Primé par l'académie française en 2017, cet essai exigeant demande un réel effort au lecteur mais l'éclaire sur les rapports entre les deux rives de la Méditerranée, les conflits opposant les croyants, les traces laissées par les luttes coloniales et les menaces actuelles.

Ambitieux, ce roman brasse une multitude d'acteurs, sur deux continents dans un espace temps débutant le 8 mai 1945 à Sétif qui permet de suivre deux générations, celles des pères luttant pour rejeter les français à la mer et celles de leurs enfants revendiquant le droit à devenir français. Une génération de laïcs turcs engendrant une génération d'islamistes avec pour seul lien … la corruption.
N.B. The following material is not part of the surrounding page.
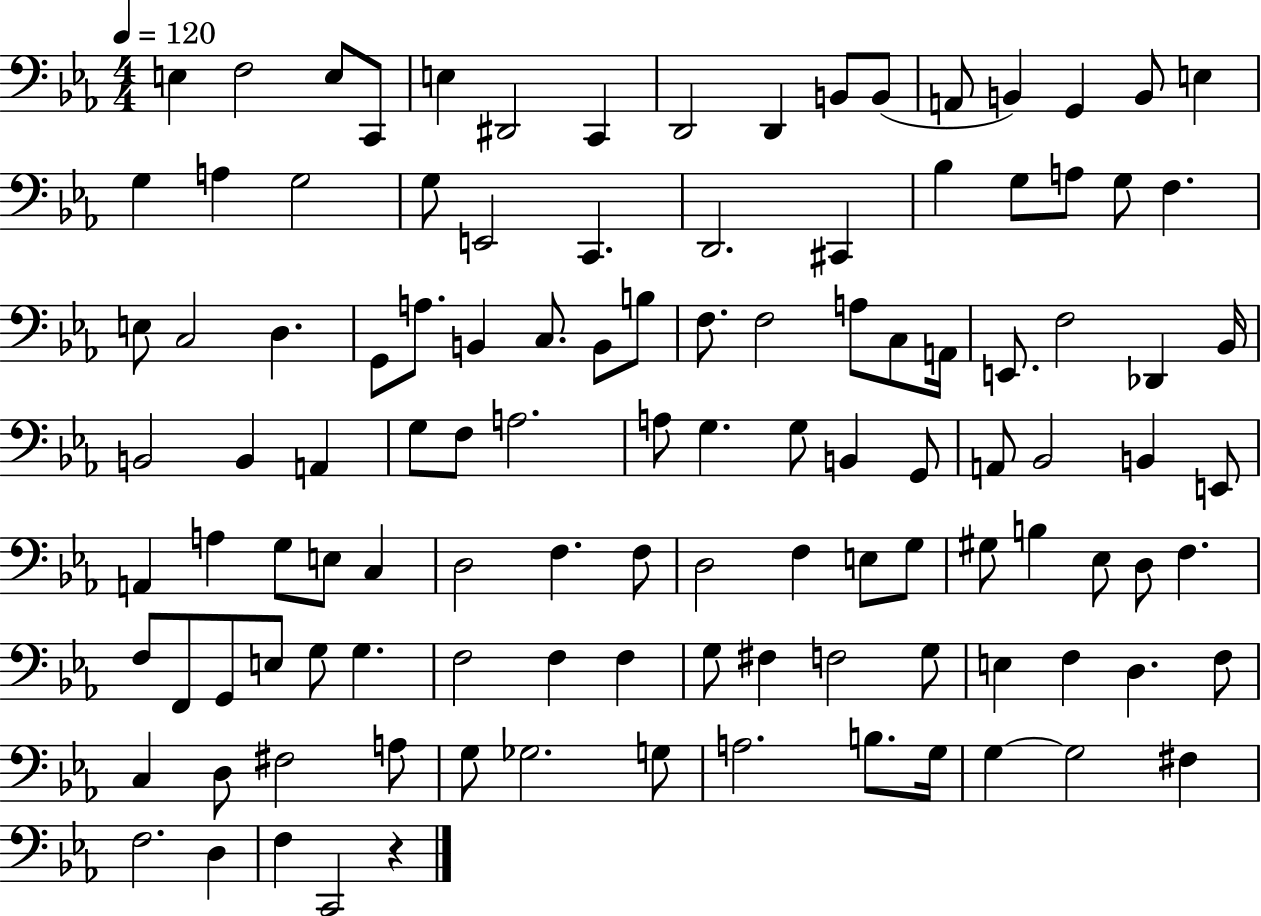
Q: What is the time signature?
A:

Daniel Rondeau fut ambassadeur de France à Malte de 2008 à 2011 (nommé par Bernard Kouchner, sous la présidence Nicolas Sarkozy) où il était aux premières loges pour observer le chaos en Syrie et en Libye puis les trafics déversant en Europe, depuis les cotes libyennes, des armes, des drogues et des être humains. Cette expérience donne à ses pages un bouleversant réalisme pimenté de violence.

Alternant réflexion historique, méditation philosophique, observation archéologique, intrigue policière, romances amoureuses, cet ouvrage est une mécanique dont les multiples rouages nécessitent de l'attention mais ne laisse pas le lecteur indemne.

Le sabre est toujours vaincu par l'esprit … mais notre Europe est elle inspirée par un esprit autre que mercantile ?

« Le pire n'est pas toujours sur ; le ciel t'entende » conclut l'académicien.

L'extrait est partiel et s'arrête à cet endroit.